Yeah. Too bad they don't know the position those fingers should really be in. Everyone misunderstood Mr. Parker's posture. Twin Dragons has a secret.


----------



## thesensei (May 9, 2005)

Doc said:
			
		

> Twin Dragons has a secret.



And the secret is??????     :idunno:


----------



## Simon Curran (May 9, 2005)

thesensei said:
			
		

> And the secret is?????? :idunno:


Very cool and functional, thanks DOC.:asian:


----------



## Doc (May 9, 2005)

SIMONCURRAN said:
			
		

> Very cool and functional, thanks DOC.:asian:


Oh yeah. That's right. I told you the "secret" at the seminar in England.
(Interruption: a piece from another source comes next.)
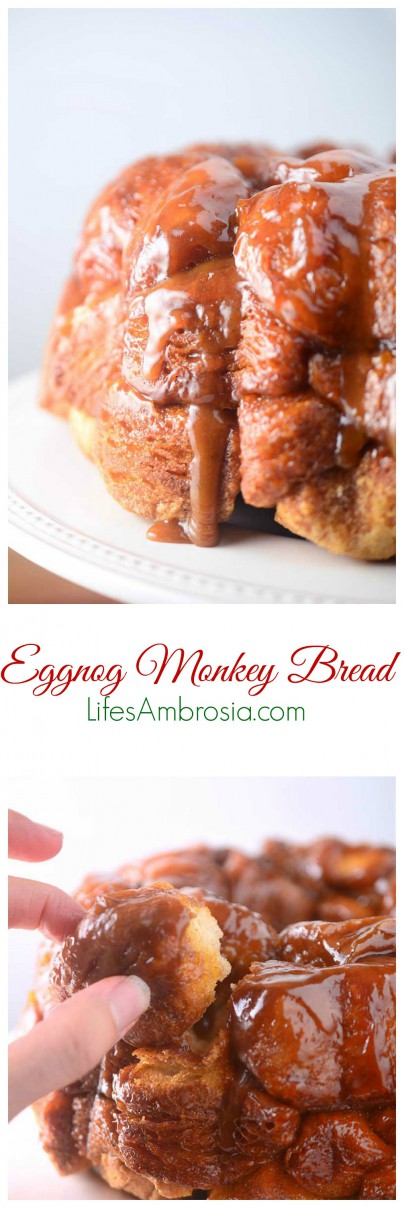 Eggnog Monkey Bread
Nobody would have ever guessed that one single finger could affect a persons structural integrity. I guess they'll have to catch one of my lectures. Thanks for reminding me Simon. Youdaman.


----------



## Simon Curran (May 9, 2005)

Doc said:
			
		

> Nobody would have ever guessed that one single finger could affect a persons structural integrity. I guess they'll have to catch one of my lectures.


Ain't that the truth!!!

My brother and I were trying a few of the "experiments" last night at free training, and our instructor commented on how much of it reminded him of his Kung Fu days...
They weren't altogether dumn those old Chinese folks...


----------



## Doc (May 9, 2005)

SIMONCURRAN said:
			
		

> Ain't that the truth!!!
> 
> My brother and I were trying a few of the "experiments" last night at free training, and our instructor commented on how much of it reminded him of his Kung Fu days...
> They weren't altogether dumn those old Chinese folks...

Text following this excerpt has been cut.